Birlikte yaşadıkları komşularıyla harika bir uyum içerisinde olduklarını ifade den Munoz, Meksikalıların Amerikalılarla evlendiğini, birlikte işler kurduğunu ve gelecek nesillere zengin, hibrit bir kültür emanet ettiklerini düşünüyor.
Facebook yılda bir kere Hackathon düzenliyor
Hackathon, bilgisayar programcıları, grafik tasarımcıları, arayüz tasarımcıları ve proje yöneticileri de dahil olmak üzere, katılanların yoğun bir şekilde yazılım projelerinin geliştirilmesi amacıyla diğer takımlar ile rekabet içerisinde bulunduğu bir yarışma son tahlilde.
Facebook’un bir nevi yetenek avcılığı da yaptığı bu yarışmayı bu sene Meksikalı bir ekip kazandı. Meksikalı ekibin Human to human ismini verdiği proje, dünya üzerindeki tüm göçmenlerin hayatını kolaylaştırmayı amaçlayan bir yazılım.
Şampiyon ekibin başındaki isim Meksikalı Ivan Lozano, dezavantajlı grupların kendi ülkelerinden uzakta yaşamasını biraz olsun kolaylaştırabilmek adına arkadaşlarıyla Human to human yazılımını gerçekleştirdiklerini ifade ediyor.
Trump’ın örmek istediği duvara delik açan bu uygulamanın Facebook ekosisteminde ödüle değer görülmesi de, tekno-iyimserlik pompalayan Mark Zuckerberg’in en azından duvar konusunda da görüşünü ortaya koyuyor.

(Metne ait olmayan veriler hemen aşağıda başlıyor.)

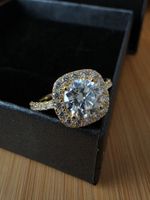 Bague argent avec diamant de moissanite de 2 ct certifié GRA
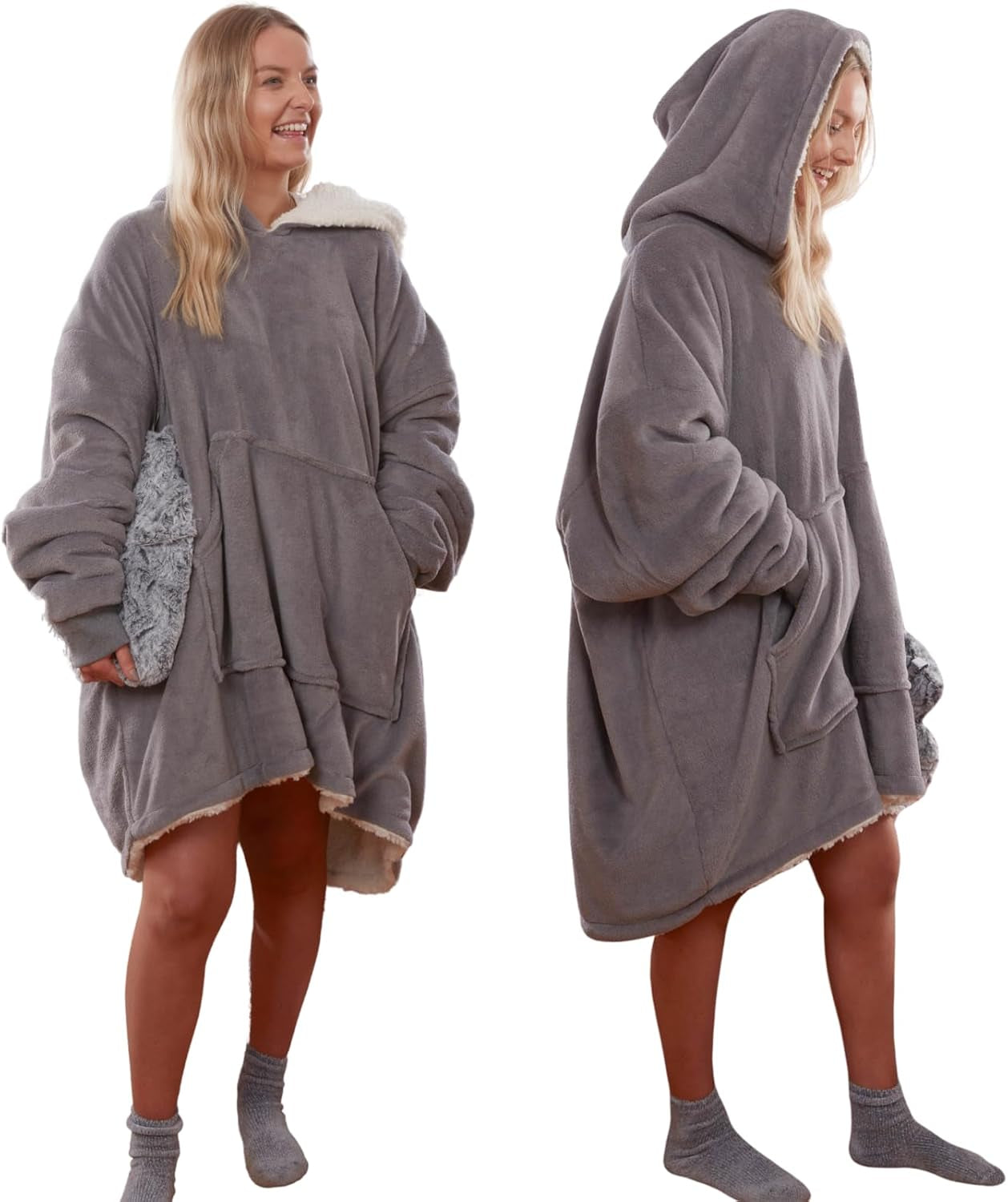 Hoodie Blanket Ultra Soft Sherpa Fleece Warm Comfy Cosy Oversized Wearable Giant Sweatshirt Throw for Women Girls Adults Men Boys Kids Big Pocket - Valentines Gifts One Size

Amerika-Meksika sınırı özetle;
Amerika-Meksika sınırı toplam 1,954 mil (3,145 km) uzunluğunda. Sınırın 653 millik bölümünde hali hazırda bariyer, duvar veya boyu 18 feet’i geçen demir tel örgüler bulunuyor.
Bu bariyerlerin çoğunu ise 2006 yılında Güvenli Tel Örgü Yasası (Secure Fence Act) ile George W. Bush inşa etmişti. Sınır boyunca toplamda 30 kontrol noktası ve 25 yasal giriş kapısı bulunuyor.
Sınırın ABD kısmı boyunca, çöl arazisi, dağlık ve kırsal alanlar olduğu gibi, San Ysidro ve El Paso gibi şehirler de yer alıyor.
Ve her yıl milyonlarca Meksikalı bu sınır hatları üzerinden işlerine, evlerine, akrabalarına gidiyor ve dönüyor.
Silikon Vadisi'nin Meksikalı komşuları - Facebook'un Meksikalı Şampiyonu yazısını bir Güney Afrikalı ile bitirmek garip duracak, ancak ünlü komedyen Trevor Noah’ın Netflix şovunda kurduğu bir cümle, bizim yazmaya çalıştığımız yazının da özeti gibi aslında.
Noah diyor ki;
“Eğer göçmenlerin gitmesini istiyorsanız, yemeklerinin de bu ülkeden bir daha yenmeyecek şekilde gitmesine razı olmalısınız. Eğer biri göçmen karşıtı söylemde bulunuyorsa Meksika yemekleri yememeli. Taco yememeli! Baharatlı yemeklere veda etmeli. Göçmen yoksa baharat da yok! (baharatı hem mecazi anlamda hem de gerçek anlamıyla kullanıyor)
Eğer göçmenler giderse yiyeceğiniz tek şey patates olur. Sadece patates, hem de baharat veya sos olmaksızın sadece haşlanmış patates!”